I don't see how this is different than merging iovs. Whether an
I/O range is represented by two segments of an iov or by two iocbs, the
elevator is going to merge them. If the userspace program had the
knowledge to merge them up front, it should have submitted one larger
segment.

> - generating multiple completions for the merged request

Fair enough.

> - coalescing the multiple completions in userspace to a single completion

You generally have to do this anyway. In fact, it is often far
more efficient and performant to have a pattern of:

submit 10;
reap 3; submit 3 more;
reap 6; submit 6 more;
repeat until you are done;

than to wait on all 10 before you can submit 10 again.

> error handling is difficult as well. one would expect that a bad sector
> with multiple iocbs would only fail one of the requests. it seems to be
> non-trivial to implement this correctly.

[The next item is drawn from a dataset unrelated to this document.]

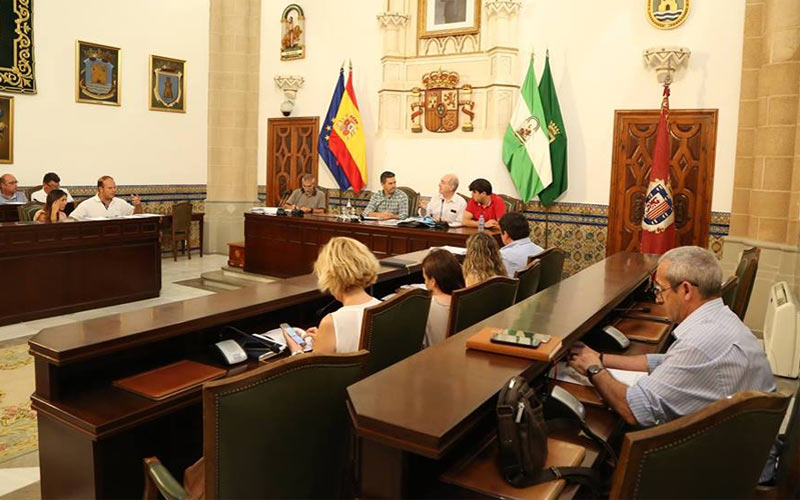 El Consistorio cierra el presupuesto de 2015 con 634.000 euros de superávit, y confía en aprobar las cuentas para 2017 en plazo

I don't follow this. If you mean that you want all io from
later segments in an iov to fail if one segment has a bad sector, I
don't know that we can enforce it without running one segment at a
time. That's terribly slow.
Again, even if READV is a good idea, we need to fix whatever
inefficiencies io_submit() has. copying to/from userspace just can't be
that slow.

Joel

--

"When choosing between two evils, I always like to try the one
I've never tried before."
- Mae West

http://www.jlbec.org/
[email protected]

2004-10-16 17:29:21

by Avi Kivity

[permalink] [raw]
Subject: Re: [PATCH 1/2] aio: add vectored I/O support

Joel Becker wrote:

>On Sat, Oct 16, 2004 at 10:43:04AM +0200, Avi Kivity wrote:
>
>
>>Using IO_CMD_READ for a vector entails
>>
>>- converting the userspace structure (which might well an iovec) to iocbs
>>
>>
>
> Why create an iov if you don't need to?
>
>
>
If you aren't writing directly to the kernel API, an iovec is very
convenient. It need not be an iovec, but surely you need _some_ vector.

>>- merging the iocbs
>>
>>
>
> I don't see how this is different than merging iovs. Whether an
>I/O range is represented by two segments of an iov or by two iocbs, the
>elevator is going to merge them. If the userspace program had the
>knowledge to merge them up front, it should have submitted one larger
>segment.
>
>
No. An iovec is already merged; it is known that adjacent segments of an
iovec have adjacent offsets. a single IO_CMD_READV iovec can generate a
single bio without any merging.

The app did not submit a single large segment for the same reason
non-aio readv is used: because app memory is paged. in my case, a
userspace filesystem has a paged cache; large, disk-contiguous reads go
into many small noncontiguous memory pages. or it might be a database
performing a sequential scan and reading a large block into multiple
block buffers, which are usually discontiguous.

>
>
>>- coalescing the multiple completions in userspace to a single completion
>>
>>
>
> You generally have to do this anyway. In fact, it is often far
>more efficient and performant to have a pattern of:
>
> submit 10;
> reap 3; submit 3 more;
> reap 6; submit 6 more;
> repeat until you are done;
>
>than to wait on all 10 before you can submit 10 again.
>
>
If the data is physically contiguous, it will (should) be merged, and
thus completed in a single event anyway. All 10 completions will happen
at the same time.

I might divide a 1M read into 4 iocbs to get the effect you mention. I
don't want to be forced into dividing them based on virtual address,
into 256 4K iocbs. *if* I wanted to do anything with partial data.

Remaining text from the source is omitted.